I think so. First of all, knowing some linguistics will teach you terms and concepts (e.g. parse tree, phrase, morpheme, phoneme, etc) that will both help you find relevant literature and avoid reinventing terms for stuff that is widely known (so others will more readily find your work).

Language models are currently the best solution for many problems, but it's hard to predict how we will move forward from here. Maybe the inclusion of linguistic information, or linguistic-inspired knowledge, or whatever, will be the key to having better results, or saving training time/resources. With no linguistics background, I imagine it's hard to get ideas going in that direction (and test if it's actually a good direction)

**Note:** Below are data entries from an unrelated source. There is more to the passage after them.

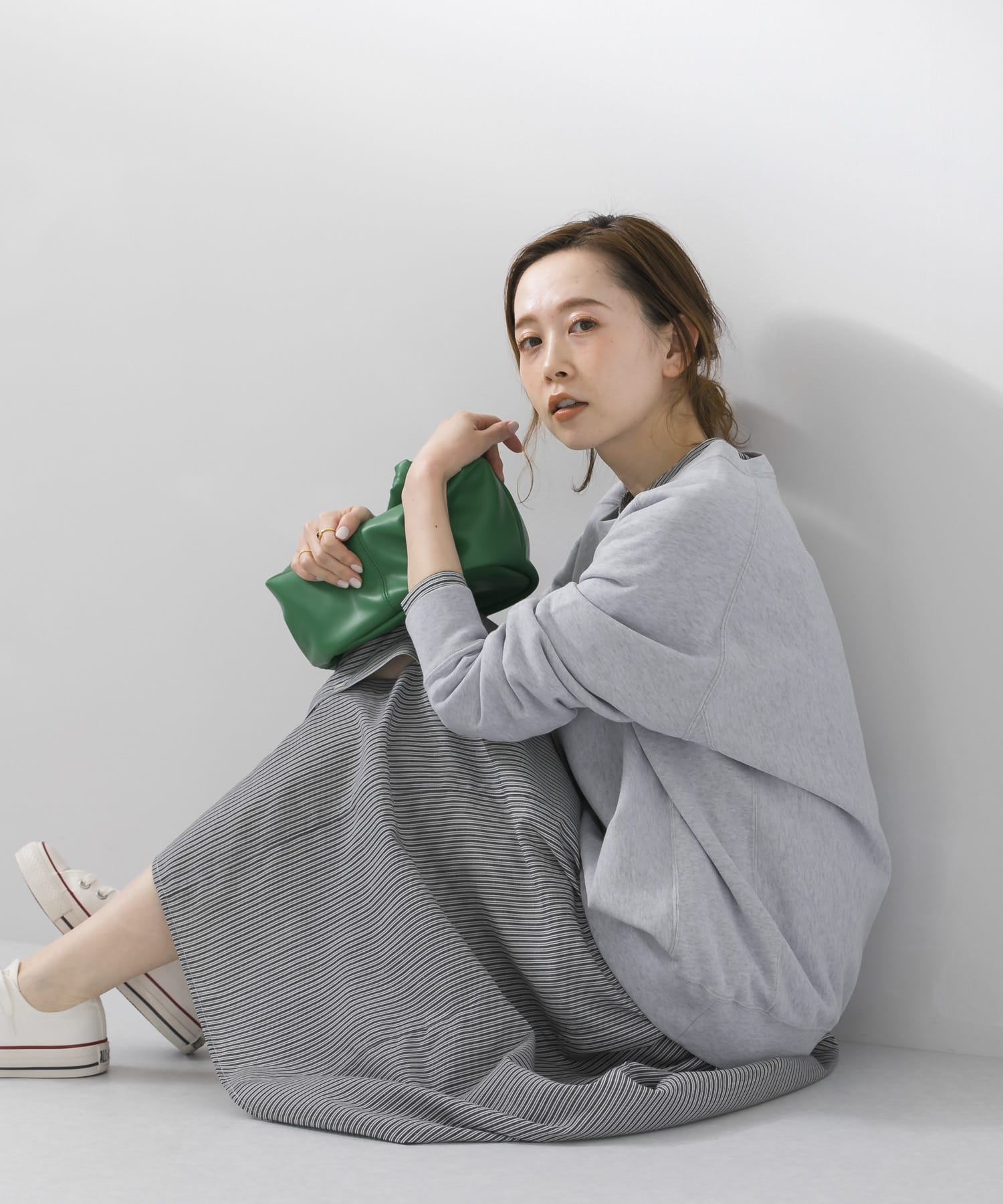 『UR TECH Smart Linen Touch』ウエストタックワンピース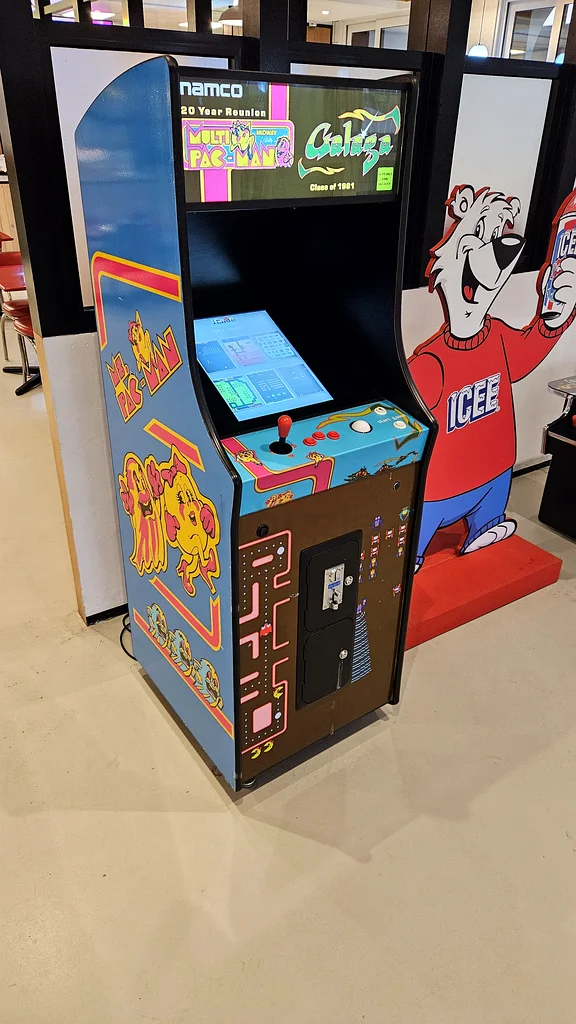 Arcade game63228832001025110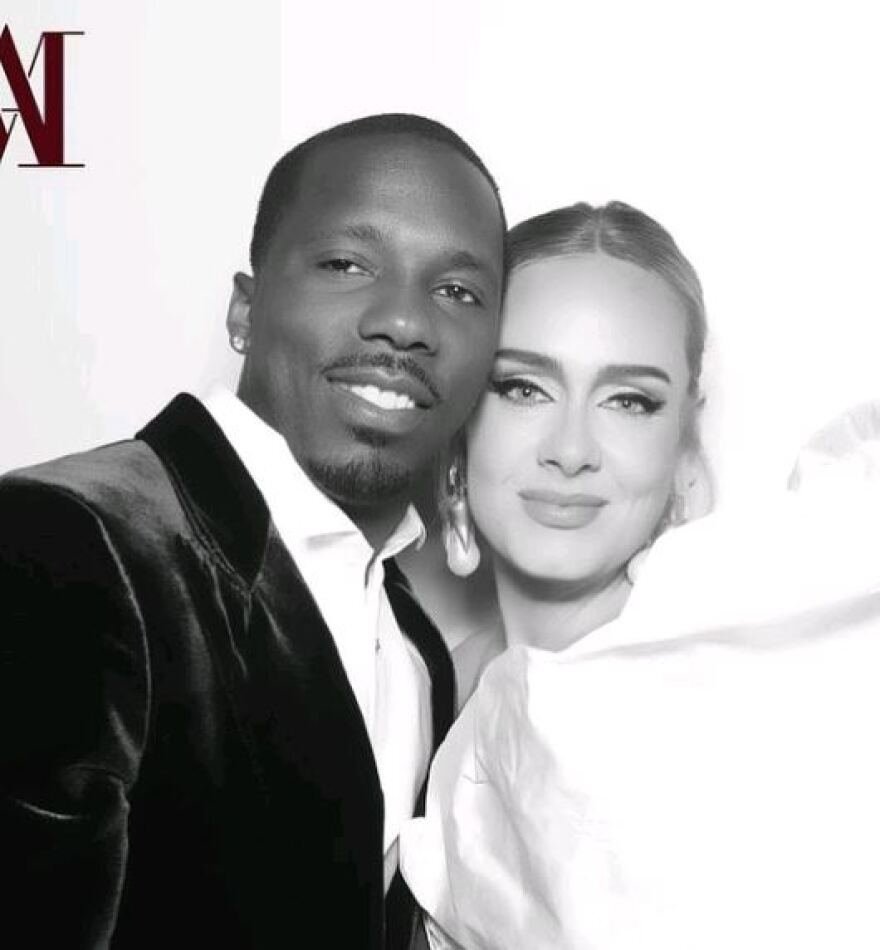 Adele: Έκανε επίσημη την σχέση της με τον Ριτς Πολ και στα social media 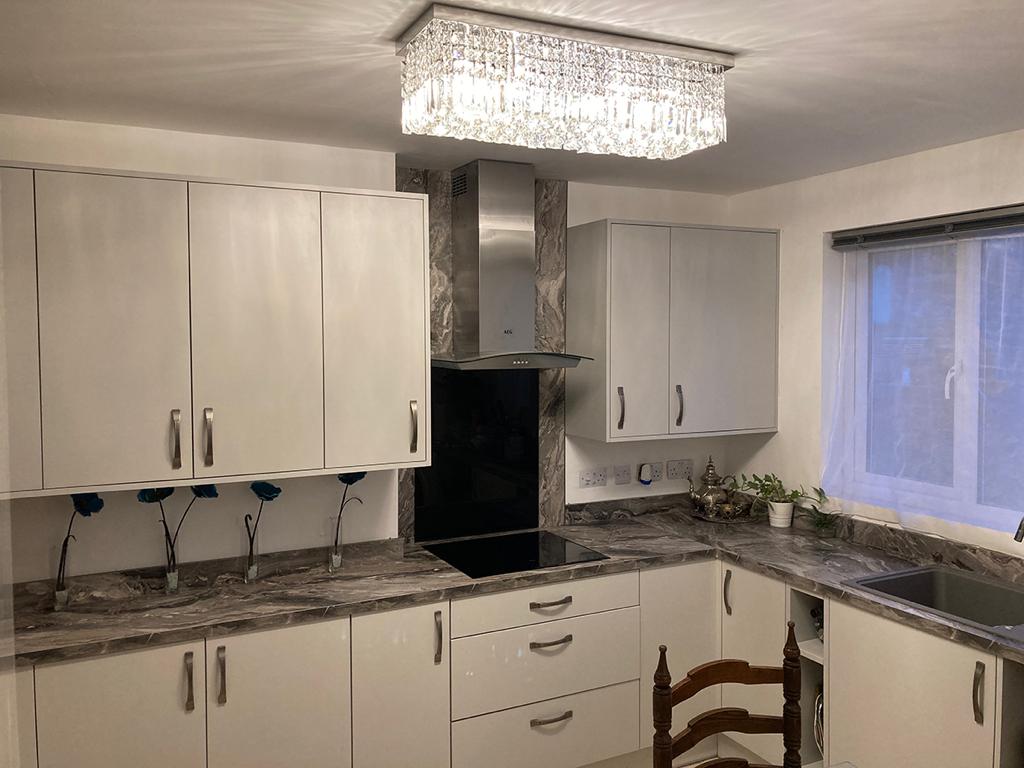 3 bed property renovation (SO53)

I agree. I think having linguistics knowledge can help especially in applied situations. Linguistics knowledge can help create fallback systems when an ML system fails, or help build rules to amplify or dampen the confidence of a response from an ML system, or aid in the engineering of a system (all that comes before or after the ML blackbox).

Sort of like an algorithmic trader knowing market microstructure intimately (versus only pure statistics).

Language models as a solution to what problems?

Yes, you can easily use AutoModel.from_pretrained('bert-base-uncased') to convert some text into a vector of floats. What then?

What are the properties of downstream (aka actually useful) datasets that might make few-shot transfer difficult or easy? How much data do your users need to provide to get a useful classifier/tagger/etc. for their problem domain?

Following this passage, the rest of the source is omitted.